## DIRECTIONS FOR THIS TASK
Nothing but the lines from the one containing "Blue Springs House" through the one containing "Pet-friendly Austin Area", both included, should be given again, each exactly as written below.

## AVAILABLE RECORDS
%%

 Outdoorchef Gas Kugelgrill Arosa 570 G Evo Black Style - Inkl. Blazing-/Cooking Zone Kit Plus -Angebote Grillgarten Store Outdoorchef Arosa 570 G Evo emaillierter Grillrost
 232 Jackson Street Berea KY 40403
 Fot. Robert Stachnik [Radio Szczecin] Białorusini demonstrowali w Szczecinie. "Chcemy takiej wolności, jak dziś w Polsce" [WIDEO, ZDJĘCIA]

%%
%%

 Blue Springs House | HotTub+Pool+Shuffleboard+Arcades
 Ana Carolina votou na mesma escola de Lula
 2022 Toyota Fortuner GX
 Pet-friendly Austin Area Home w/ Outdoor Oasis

%%

## SOLVED PROBLEM
 Blue Springs House | HotTub+Pool+Shuffleboard+Arcades
 Ana Carolina votou na mesma escola de Lula
 2022 Toyota Fortuner GX
 Pet-friendly Austin Area Home w/ Outdoor Oasis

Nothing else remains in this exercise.